Single by Wolfmother

from the album Wolfmother
- Released: 17 June 2006
- Studio: The Sound Factory, Hollywood, California
- Length: 2:56
- Label: Modular
- Songwriters: Andrew Stockdale; Chris Ross; Myles Heskett;
- Producer: Dave Sardy

Wolfmother singles chronology
| "Dimension" (2006) | "Woman" (2006) | "Love Train" (2006) |

Music video
- "Woman" on Vimeo

= Woman (Wolfmother song) =

"Woman" is a song by Australian rock band Wolfmother. Originally released in 2004 from their debut EP Wolfmother, it was released in 2006 as the fourth single from their debut studio album Wolfmother.

In Australia, the original recording of the song was ranked number 45 on Triple J's Hottest 100 of 2004.

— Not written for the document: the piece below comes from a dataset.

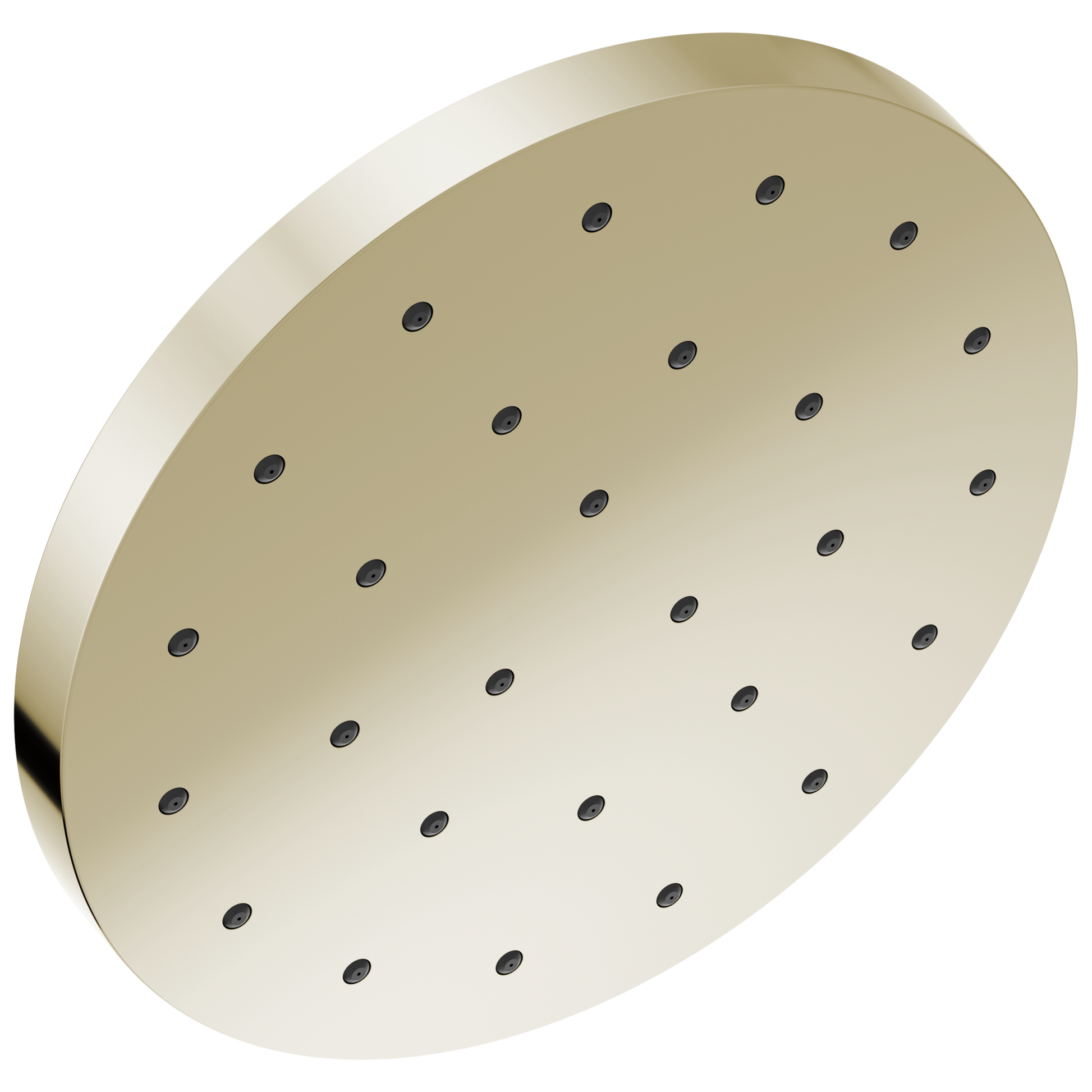 Delta Delta Universal Showering Components: H2Okinetic Single Setting Shower Head with UltraSoak™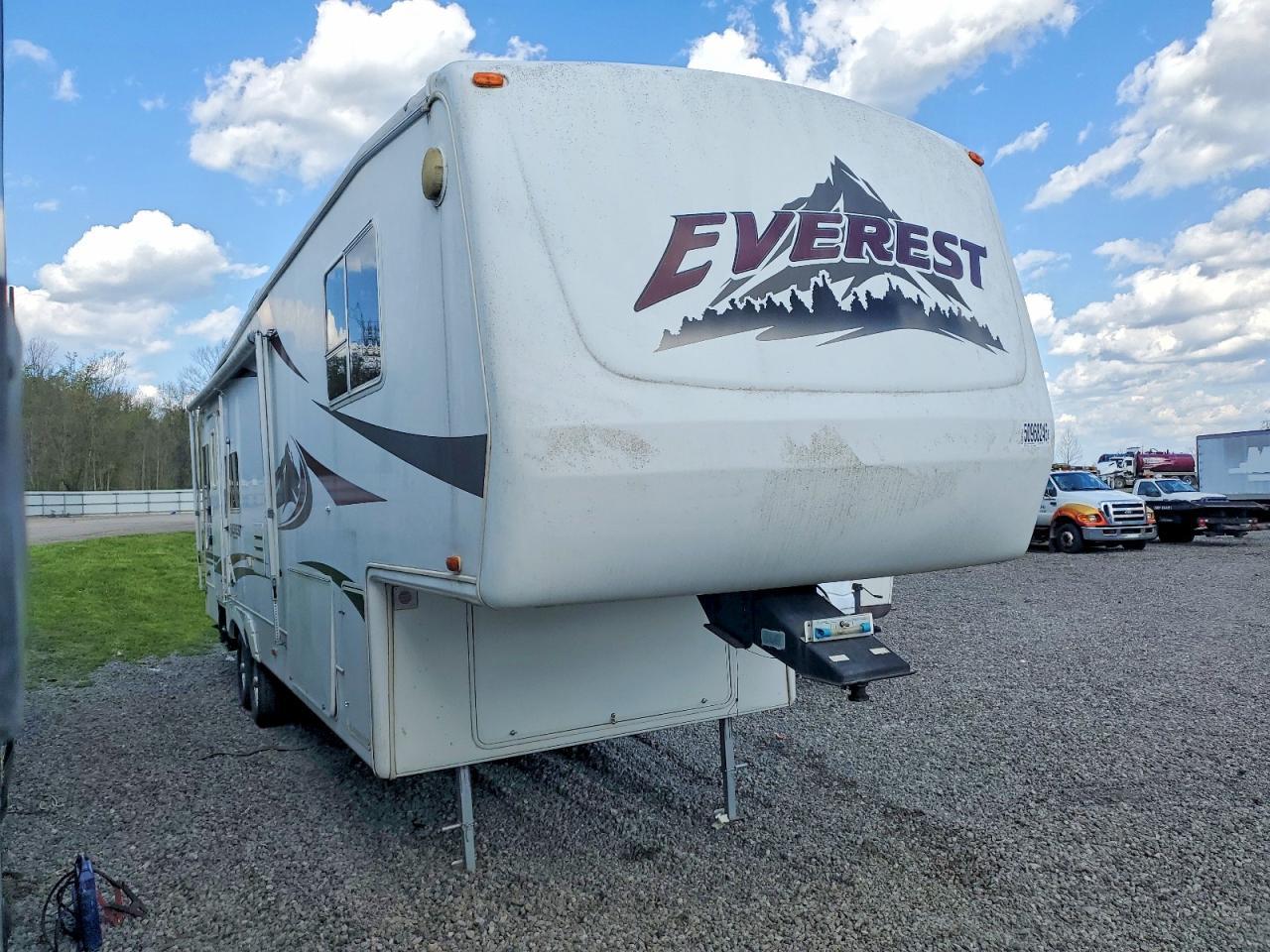 2004 Keystone Everest Camper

The song peaked at number 7 on the Billboard Mainstream Rock Tracks chart and number 10 on the Modern Rock Tracks chart.

In 2007, it won the award for Best Hard Rock Performance at the 49th Annual Grammy Awards.

==Content==
Singer Andrew Stockdale said the song was inspired both by his girlfriend, and the overall impression of living in Sydney, "this beautiful city in the harbor."

==Track listings==
All songs written by Andrew Stockdale, Chris Ross and Myles Heskett.
- Australian CD
1. "Woman"
2. "Woman" (MSTRKRFT remix)
3. "Woman" (Avalanches remix)
4. "Dimension" (live at Big Day Out)
- Australian 7" vinyl
5. "Woman
6. "Colossal" (live at Big Day Out)
- United Kingdom CD
7. "Woman"
8. "Dimension" (live at Big Day Out)
9. "Vagabond" (acoustic version)
10. "Woman" (music video)
- United Kingdom 7" vinyl
11. "Woman"
12. "Woman" (Avalanches remix)
- United Kingdom 12" picture disc
13. "Woman"
14. "Woman" (MSTRKRFT remix)

==Charts==

===Weekly charts===

Weekly chart performance for "Woman"
| Chart (2006) | Peak position |
|---|---|
| Australia (ARIA) | 34 |
| Canada Rock Top 30 (Radio & Records) | 3 |
| Scotland Singles (Official Charts) | 19 |
| UK Singles (Official Charts) | 31 |
| UK Rock & Metal (Official Charts) | 2 |
| US Bubbling Under Hot 100 (Billboard) | 12 |
| US Alternative Airplay (Billboard) | 10 |
| US Mainstream Rock (Billboard) | 7 |

===Year-end charts===

Year-end chart performance for "Woman"
| Chart (2006) | Position |
|---|---|
| Canada Rock (Radio & Records) | 6 |
| US Alternative Songs (Billboard) | 36 |
| US Mainstream Rock Songs (Billboard) | 30 |

==Certifications==

Certifications for "Woman"
| Region | Certification | Certified units/sales |
| United Kingdom (BPI) | Silver | 200,000^{‡} |
^{‡} Sales+streaming figures based on certification alone.

==APRA Award==
- 2008 Most Played Australian Work Overseas APRA Award for "Woman", written by Stockdale, Ross and Heskett, was presented by Australasian Performing Right Association.

==In popular culture==
"Woman" was featured in the soundtracks of 2006 video games Major League Baseball 2K7, MotorStorm, Madden NFL 07, Tony Hawk's Project 8, and Pure, as well as a remix in Juiced 2: Hot Import Nights in 2007. It is a playable song in Guitar Hero II and in Guitar Hero Smash Hits. It was featured in the 2008 video game Saints Row 2 as a track in one of its in-game radio stations.